The Neurodance

By April 7, 2015Fly News

For 20 years of her life, Pamela Quinn danced professionally.

Then she found out she had early onset Parkinson’s disease.

“Diagnosis with this disease is hard for anyone, but particularly hard for a dancer,” Pamela said. “When your identity is all connected to movement and you have a serious movement disorder, you also have a profound identity crisis. What will I do? Who am I going to become?”

One of Pamela’s first reactions to her diagnosis was to stop dancing. Why pursue dance if it held no future for her? So she stopped taking dance classes, performing and choreographing.

But eventually, Pamela discovered that dance was the very thing that could save her. Dance offered her ideas about movement strategies to help her with her Parkinson’s, and she could still move enough to create and perform. After taking a multi-year hiatus from dance, she found a meaningful way to return to the activities that meant so much to her.
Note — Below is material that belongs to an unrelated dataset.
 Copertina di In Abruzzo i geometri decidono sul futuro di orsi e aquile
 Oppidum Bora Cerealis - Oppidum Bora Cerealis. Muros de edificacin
Fly on the Wall learned all about Pamela’s story from filming one of her recent pieces called “Neurodance.” It exhibits a very different attitude toward her Parkinson’s from the one she had in the beginning. Neurodance, an upbeat, playful dance, is actually a representation of a neurology exam set to music in a rhythmic and surprising way.

Pamela chose to have Fly on the Wall film a video of her Neurodance in order to travel with it and share it with those who are familiar with the idiosyncratic vocabulary of Parkinson’s, including neurologists and patients. She hopes that the people she has contact with during teaching and speaking engagements can take a moment to enjoy her creative take on the neurology exam, which is usually a more serious subject for them.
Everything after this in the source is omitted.